Saturday, October 25, 2008

Straw and camels

DRAFT (updated 11/9/08)

The straw that breaks the camel's back is a phrase uttered far too often in everyday conversation. It should never be uttered in (post) disaster situations. For the rest of the post, I'm going to refer to "the straw that breaks the camel's back" as the phrase

Why do I have such a strong reaction against the phrase?

Words matter. The words that are available to us both shape and limit the ideas that we are capable of expressing. Repeated use of the phrase pushes us, even if unwillingly, toward a certain simplistic mode of thinking.  This particular phrase lends itself to oversimplificiation and almost immediately to a case of the "if only's".  If only the nylon strap was better constructed. If only the levees had been better constructed. If only banks ability to leverage their assets had been better regulated.  If only <insert pet cause here> then <horrible disaster> would have been prevented.

But isn't the "straw that breaks the camel's back” describing the tipping point?

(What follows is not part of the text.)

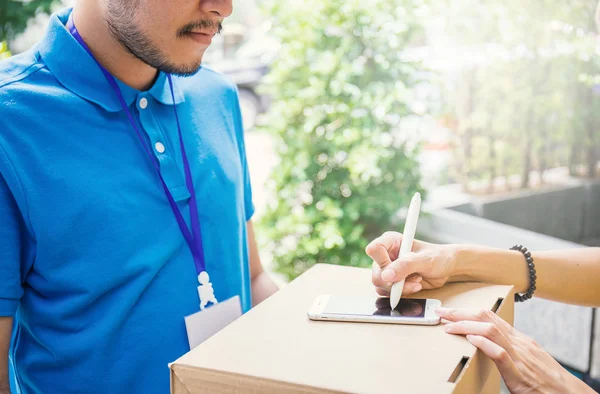 Kvinna tillägger signera signatur efter att acceptera en leverans av lådor från deliveryman, ta emot och leverans koncept — Stockfoto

Well, yes, it is. But ask yourself how many people will take that into consideration when you use the phrase. Ask yourself: in your most fatigued state, do you always look for the linkages of causation within an event of are you looking for the immediate fire to put out? Or do you sometimes let yourself lapse into intellectual laziness and catch a case of the if only's?

Alternative thinking and disaster applications

Disasters occur every minute of every day. The reason you don't hear about them is the scale and the connectivity of the person affected by the disaster to your informational network.  The disasters that you do hear about are the foam on the crest of the wave.  There was a massive decentralized effort to get that story or wave to you in its exact form that was, to your eyes, completely behind the scenes. All you know is that the disaster showed up on the front page of the New York Times.

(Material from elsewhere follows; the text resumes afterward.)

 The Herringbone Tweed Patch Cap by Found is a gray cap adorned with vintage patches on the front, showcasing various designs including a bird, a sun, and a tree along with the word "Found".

Disasters that you hear about are extraordinary events.  While the New York Fire Deparmtment recieved 490, 767 calls in 2007 it's likely you only noticed the few big or tragicincidents that were deemed newsworthy.  These are the events where numerous things go wrong in sequence and relation to each other to cascade onto the front page.


In the ideal world, we would learn everyday from our failings and incorporate those lessons into mitigation or response strategies. New York City's revised building code is a good example of this effort. The combined lessons learned from decades of international engineering successes and failures was distilled into codification.  This is not, however, the end of the story.

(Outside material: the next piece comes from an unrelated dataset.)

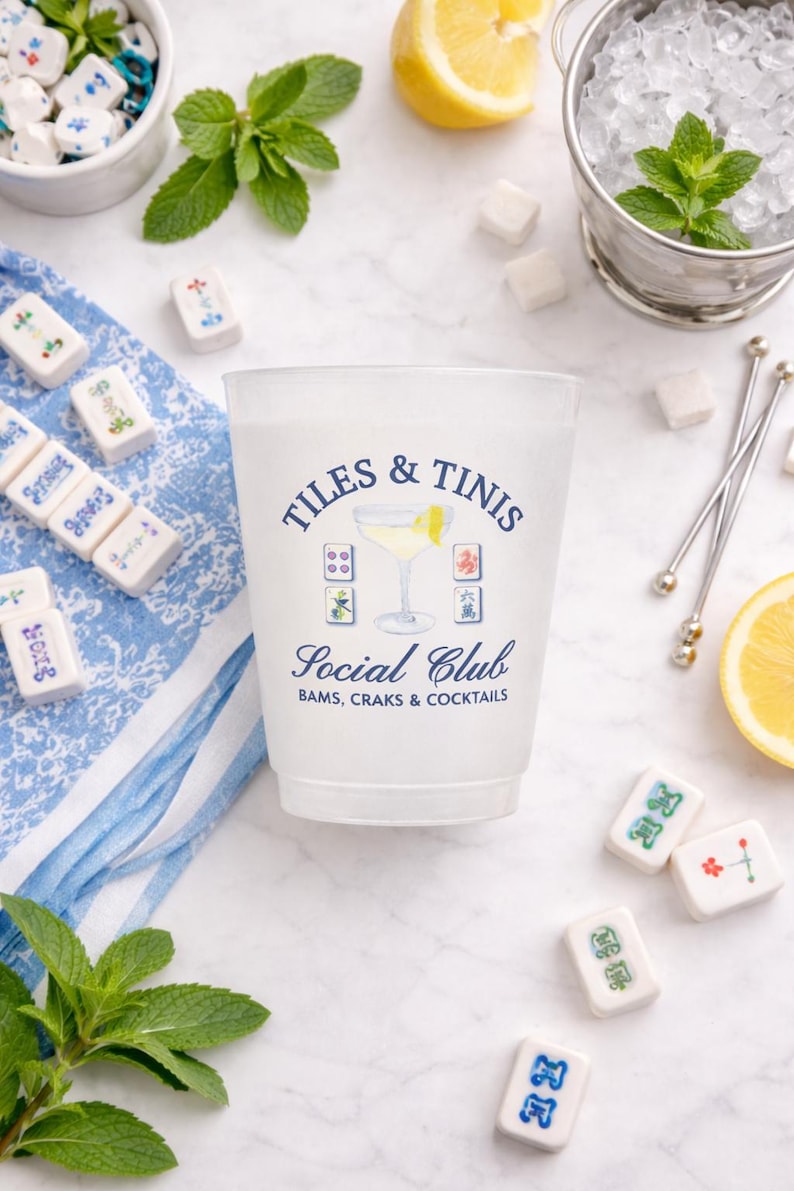 May include: A frosted plastic cup with the text "TILES & TINIS Social Club" and a cocktail illustration. The image includes Mahjong tiles, mint sprigs, lemon slices, sugar cubes, and a bucket of ice.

Disasters are unique in that there are never enough of them, at least on the catastrophic scale, to allow an easy synopsis of the lessons learned that are portable to other types of disasters. Finding portable lessons learned is the tough part here. Instead of learning about New Orleans if only's and the failure of the levees, we should be learning about the command and control problems ineherent in creating a diverse coalition of competing interests.  Instead of hearing about the Failure of Initiativeif only we should be hearing about ways to encourage an organizational capacity to pursue and nuture unnoficial information sources. We should be hearing about how to instigate and encourage and yes, catalyze, community based organizations who will fight government at every step for the good of the community itself. We should have heard more about how to reduce the operational friction that prevents healthy response across disasters.


What am I describing? I'm describing a world where the actors are distributed and completed by those with the organizational capacity to do so, at the level closest to the community and the end users. Preferably, the end users themselves should be organizing and responsible for their own recovery. I'm thinking of an organization where “decisions” per se are not made and handed down but where the individual actual actors make the choices and the reprocussions and reporting filters up. I'm imagining and organization that approaches the problem looking for linkages, relationships, and the potentialities for negative and positive feedback loops rather than for assignation of blame or credit. I want a collection of organizations that pursue the quickest means to follow their mission and help the widest range of people.


This ideal agency should not waste their organizational capital, budgets, or time pursuing the fix for the phrase. Fixing that one thing would only increase the likelihood of some other type of disaster.  I am not suggesting that agencies not fix what they are able to fix - I am suggesting that agencies acquire an awareness that their decisions are part of a web of decisions being made all the time which may have uninented consequences. 


A minor example - increasing the number of building inspections increases the likelihood of bribery and corruption.